*Exercise instructions*: Exactly as written, copy the lines of the data below from the first through the one containing "В ходе специальной".

*Records provided*:

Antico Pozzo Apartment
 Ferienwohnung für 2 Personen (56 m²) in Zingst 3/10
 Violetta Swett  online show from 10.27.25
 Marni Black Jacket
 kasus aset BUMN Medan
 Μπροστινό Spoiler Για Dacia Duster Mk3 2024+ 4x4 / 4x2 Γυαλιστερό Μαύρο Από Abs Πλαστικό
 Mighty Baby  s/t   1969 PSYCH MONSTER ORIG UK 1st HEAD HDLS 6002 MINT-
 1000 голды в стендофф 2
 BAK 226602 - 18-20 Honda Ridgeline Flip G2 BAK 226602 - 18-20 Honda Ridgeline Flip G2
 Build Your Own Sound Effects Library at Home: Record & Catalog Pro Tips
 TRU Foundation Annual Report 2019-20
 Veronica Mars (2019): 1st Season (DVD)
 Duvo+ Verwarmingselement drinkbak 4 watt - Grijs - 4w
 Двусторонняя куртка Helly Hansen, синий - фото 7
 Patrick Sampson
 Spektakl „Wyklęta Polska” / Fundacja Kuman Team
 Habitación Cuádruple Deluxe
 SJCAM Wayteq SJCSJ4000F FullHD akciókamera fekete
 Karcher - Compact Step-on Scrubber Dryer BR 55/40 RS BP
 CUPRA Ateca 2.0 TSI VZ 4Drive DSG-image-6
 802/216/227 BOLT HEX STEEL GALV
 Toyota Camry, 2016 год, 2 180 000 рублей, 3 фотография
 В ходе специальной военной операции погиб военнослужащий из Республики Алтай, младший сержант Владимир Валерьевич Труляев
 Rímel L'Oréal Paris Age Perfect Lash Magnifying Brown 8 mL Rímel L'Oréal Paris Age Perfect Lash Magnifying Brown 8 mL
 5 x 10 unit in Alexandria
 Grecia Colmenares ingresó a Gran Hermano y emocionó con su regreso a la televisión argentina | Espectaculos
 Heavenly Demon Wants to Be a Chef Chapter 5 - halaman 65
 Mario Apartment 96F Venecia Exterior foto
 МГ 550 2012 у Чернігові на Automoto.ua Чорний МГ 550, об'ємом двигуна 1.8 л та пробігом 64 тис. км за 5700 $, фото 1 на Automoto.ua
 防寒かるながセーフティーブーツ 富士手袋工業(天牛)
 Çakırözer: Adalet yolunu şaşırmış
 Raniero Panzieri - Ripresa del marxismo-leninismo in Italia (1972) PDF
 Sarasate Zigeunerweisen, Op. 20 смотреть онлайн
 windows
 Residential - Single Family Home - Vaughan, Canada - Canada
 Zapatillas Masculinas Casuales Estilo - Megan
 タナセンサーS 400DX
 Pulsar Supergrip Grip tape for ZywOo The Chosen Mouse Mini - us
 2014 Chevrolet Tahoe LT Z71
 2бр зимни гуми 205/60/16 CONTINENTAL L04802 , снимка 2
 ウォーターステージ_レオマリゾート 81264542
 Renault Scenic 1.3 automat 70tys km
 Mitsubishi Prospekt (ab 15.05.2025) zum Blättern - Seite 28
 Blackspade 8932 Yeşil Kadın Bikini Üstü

*Output*:
Antico Pozzo Apartment
 Ferienwohnung für 2 Personen (56 m²) in Zingst 3/10
 Violetta Swett  online show from 10.27.25
 Marni Black Jacket
 kasus aset BUMN Medan
 Μπροστινό Spoiler Για Dacia Duster Mk3 2024+ 4x4 / 4x2 Γυαλιστερό Μαύρο Από Abs Πλαστικό
 Mighty Baby  s/t   1969 PSYCH MONSTER ORIG UK 1st HEAD HDLS 6002 MINT-
 1000 голды в стендофф 2
 BAK 226602 - 18-20 Honda Ridgeline Flip G2 BAK 226602 - 18-20 Honda Ridgeline Flip G2
 Build Your Own Sound Effects Library at Home: Record & Catalog Pro Tips
 TRU Foundation Annual Report 2019-20
 Veronica Mars (2019): 1st Season (DVD)
 Duvo+ Verwarmingselement drinkbak 4 watt - Grijs - 4w
 Двусторонняя куртка Helly Hansen, синий - фото 7
 Patrick Sampson
 Spektakl „Wyklęta Polska” / Fundacja Kuman Team
 Habitación Cuádruple Deluxe
 SJCAM Wayteq SJCSJ4000F FullHD akciókamera fekete
 Karcher - Compact Step-on Scrubber Dryer BR 55/40 RS BP
 CUPRA Ateca 2.0 TSI VZ 4Drive DSG-image-6
 802/216/227 BOLT HEX STEEL GALV
 Toyota Camry, 2016 год, 2 180 000 рублей, 3 фотография
 В ходе специальной военной операции погиб военнослужащий из Республики Алтай, младший сержант Владимир Валерьевич Труляев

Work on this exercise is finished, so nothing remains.